High crude oil prices to fuel remittances
The surging international crude oil prices are projected to fuel inward remittances to India this year, topping the $69 billion of net remittances clocked during 2017 calendar.
Last year, India had topped the international list of remittance receivers at $69 billion, followed by China ($64 billion), the Philippines ($33 billion), Mexico ($31 billion) and Nigeria ($22 billion).
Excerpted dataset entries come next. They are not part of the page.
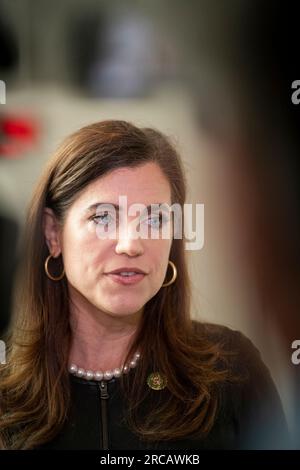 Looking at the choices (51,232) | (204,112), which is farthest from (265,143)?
(51,232)

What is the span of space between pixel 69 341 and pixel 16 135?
48cm

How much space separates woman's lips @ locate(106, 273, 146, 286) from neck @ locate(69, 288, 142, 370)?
0.29 ft

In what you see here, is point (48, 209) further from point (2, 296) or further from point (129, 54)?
point (129, 54)

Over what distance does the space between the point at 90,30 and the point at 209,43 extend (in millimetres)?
268

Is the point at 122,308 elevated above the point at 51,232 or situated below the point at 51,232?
below

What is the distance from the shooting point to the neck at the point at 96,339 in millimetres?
1221

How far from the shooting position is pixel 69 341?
1.23 meters

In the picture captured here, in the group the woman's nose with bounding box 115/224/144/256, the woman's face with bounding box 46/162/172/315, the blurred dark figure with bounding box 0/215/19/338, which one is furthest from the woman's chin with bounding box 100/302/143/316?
the blurred dark figure with bounding box 0/215/19/338

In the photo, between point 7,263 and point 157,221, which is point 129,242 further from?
point 7,263

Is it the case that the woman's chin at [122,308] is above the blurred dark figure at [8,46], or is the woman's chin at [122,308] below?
below

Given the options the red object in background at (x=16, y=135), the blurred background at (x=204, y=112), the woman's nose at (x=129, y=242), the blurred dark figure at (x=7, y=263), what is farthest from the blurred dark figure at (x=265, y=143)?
the blurred dark figure at (x=7, y=263)

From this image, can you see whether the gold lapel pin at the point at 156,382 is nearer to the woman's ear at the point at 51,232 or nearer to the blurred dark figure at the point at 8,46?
the woman's ear at the point at 51,232

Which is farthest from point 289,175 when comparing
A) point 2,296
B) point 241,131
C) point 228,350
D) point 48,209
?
point 2,296

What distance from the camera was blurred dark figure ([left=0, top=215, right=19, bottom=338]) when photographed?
1.20 meters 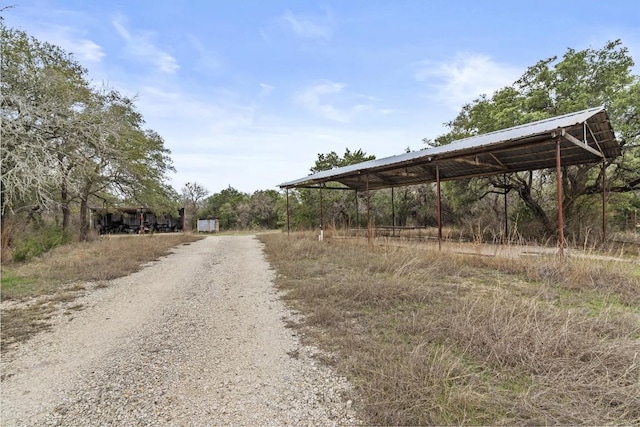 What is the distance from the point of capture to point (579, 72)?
9586 mm

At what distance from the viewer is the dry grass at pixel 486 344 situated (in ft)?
5.75

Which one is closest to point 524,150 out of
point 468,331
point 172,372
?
point 468,331

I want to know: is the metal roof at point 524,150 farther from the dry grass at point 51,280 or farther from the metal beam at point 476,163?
the dry grass at point 51,280

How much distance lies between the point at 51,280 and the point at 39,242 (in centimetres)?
411

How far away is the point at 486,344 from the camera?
8.14 ft

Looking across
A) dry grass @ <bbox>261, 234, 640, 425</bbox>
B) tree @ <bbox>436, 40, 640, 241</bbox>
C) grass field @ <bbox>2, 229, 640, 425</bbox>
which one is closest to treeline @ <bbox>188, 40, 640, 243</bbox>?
tree @ <bbox>436, 40, 640, 241</bbox>

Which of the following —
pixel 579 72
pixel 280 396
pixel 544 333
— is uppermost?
pixel 579 72

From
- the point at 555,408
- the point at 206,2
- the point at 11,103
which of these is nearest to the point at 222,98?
the point at 206,2

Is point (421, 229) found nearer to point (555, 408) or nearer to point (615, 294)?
point (615, 294)

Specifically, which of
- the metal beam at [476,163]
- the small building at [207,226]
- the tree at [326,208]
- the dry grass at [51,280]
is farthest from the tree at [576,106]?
the small building at [207,226]

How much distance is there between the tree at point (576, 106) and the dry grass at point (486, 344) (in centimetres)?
626

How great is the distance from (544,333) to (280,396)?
212cm

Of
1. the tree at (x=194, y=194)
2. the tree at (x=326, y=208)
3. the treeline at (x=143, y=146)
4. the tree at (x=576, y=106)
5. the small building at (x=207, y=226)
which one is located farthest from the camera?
the tree at (x=194, y=194)

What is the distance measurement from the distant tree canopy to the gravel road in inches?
158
“There is a direct link between crude oil prices and remittances to India. The current spate of high crude oil prices would certainly boost inward remittances given the large number of Indian migrants working in the oil-rich Gulf nations,” global money transfer company MoneyGram head (India & Subcontinent) Sheshagiri Malliah told Business Standard here on Tuesday.
Remittances to India stood at $72 billion in 2014, when the crude oil prices were ruling high above $100 dollars a barrel, however, the remittances fell to $64 billion and $62 billion in 2015 and 2016 respectively, when oil prices subsided following demand squeeze and robust production.
“The World Bank has already projected the remittances to India to rise by 45 per cent this year, which would peg the remittances to $72-73 billion,” he added.
Currently, the oil prices have been ruling firm following output cuts by oil cartel Organization of Petroleum Exporting Countries (OPEC) and other geopolitical factors, including looming US sanctions against Iran coupled with strong market demand.
Oil prices are hovering around $80 a barrel with analysts forecasting it to reach $100. Similarly, the gradual fall inthe rupee value has positively impacted remittances to India. Indians count for a large working diaspora in foreign countries at about 16 million, of which 67 per cent hail from rural background. Meanwhile, MoneyGram has announced a strategic partnership with cash payout company Weizmann Forex Limited, which would allow the former to expand its footprint in key remittance geographies across India.